ONNX Runtime organizes optimizations into hierarchical levels:
import onnxruntime as ort

sess_options = ort.SessionOptions()
sess_options.graph_optimization_level = ort.GraphOptimizationLevel.ORT_DISABLE_ALL

session = ort.InferenceSession("model.onnx", sess_options)
No optimizations applied. Useful for:
  • Debugging
  • Validating optimization correctness
  • Ensuring bit-exact reproducibility
Higher optimization levels increase session creation time but improve inference performance. Use ORT_ENABLE_ALL for production.

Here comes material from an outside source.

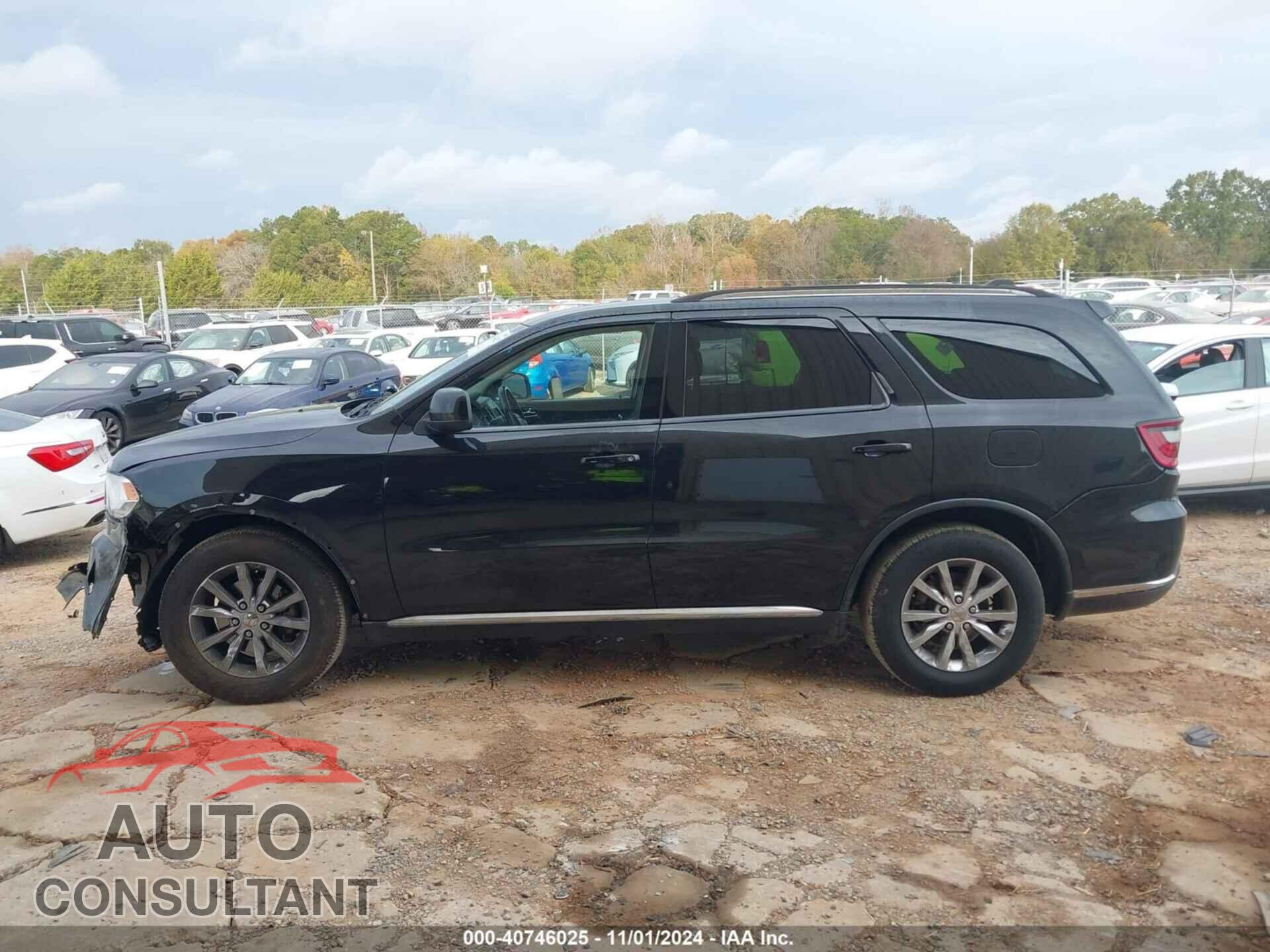 DODGE DURANGO 2015 - 1C4RDHAG6FC244653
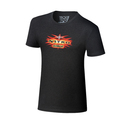 WCW Nitro Girls Old School Tri-Blend T-Shirt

Graph Transformer Architecture

ONNX Runtime uses a transformer-based architecture for optimizations:
// Simplified transformer interface
class GraphTransformer {
 public:
  // Apply transformation to graph
  Status Apply(Graph& graph, bool& modified) const;
  
  // Check if transformer should only run once
  virtual bool ShouldOnlyApplyOnce() const;
  
 protected:
  // Implementation-specific transformation logic
  virtual Status ApplyImpl(Graph& graph, bool& modified) const = 0;
};

Transformer Categories

Rule-Based

Pattern matching and replacement
  • EliminateIdentity
  • ConstantFolding
  • CommonSubexpressionElimination

Fusion

Combine multiple operators
  • ConvBatchNormFusion
  • MatMulAddFusion
  • GELUFusion

Layout

Data layout transformations
  • NCHWToNHWC
  • TransposeOptimizer

EP-Specific

Hardware-specific optimizations
  • CUDA kernel fusions
  • TensorRT subgraph compilation

Common Optimizations

Constant Folding

Pre-compute operations with constant inputs:
# Graph structure
input -> Shape -> Gather -> Unsqueeze -> Concat -> Reshape -> output
          ^        ^          ^
       constants  constants  constants
Shape operations computed at runtime
Constant folding is especially effective for models with dynamic shapes that use shape manipulation operations.

Operator Fusion

Combine multiple operators into a single fused kernel:
Benefits:
  • Reduces memory bandwidth
  • Fewer kernel launches
  • Can fold BN parameters into Conv weights
Implementation:
# BatchNorm can be folded into Conv during inference
# new_weight = weight * (gamma / sqrt(var + eps))
# new_bias = beta + (bias - mean) * (gamma / sqrt(var + eps))
Benefits:
  • Single kernel call
  • Better cache utilization
  • BLAS optimization (GEMM)
Common patterns:
  • Conv + Relu → ConvRelu
  • MatMul + Relu → GemmRelu
  • Add + Relu → AddRelu
  • LayerNorm + GELU → LayerNormGELU
Example:
# Before: Two separate kernels
x = matmul(A, B)
y = relu(x)

# After: Single fused kernel
y = matmul_relu(A, B)
Fuse multi-headed attention pattern:Benefits:
  • Massive reduction in memory transfers
  • Optimized attention kernels (FlashAttention)
  • Better GPU utilization

Redundancy Elimination

Remove unnecessary operations:
# Before
Input -> Identity -> Output

# After
Input -> Output

Shape Inference

Propagate shape information through the graph:
import onnx
from onnx import shape_inference

# Infer shapes
model = onnx.load("model.onnx")
inferred_model = shape_inference.infer_shapes(model)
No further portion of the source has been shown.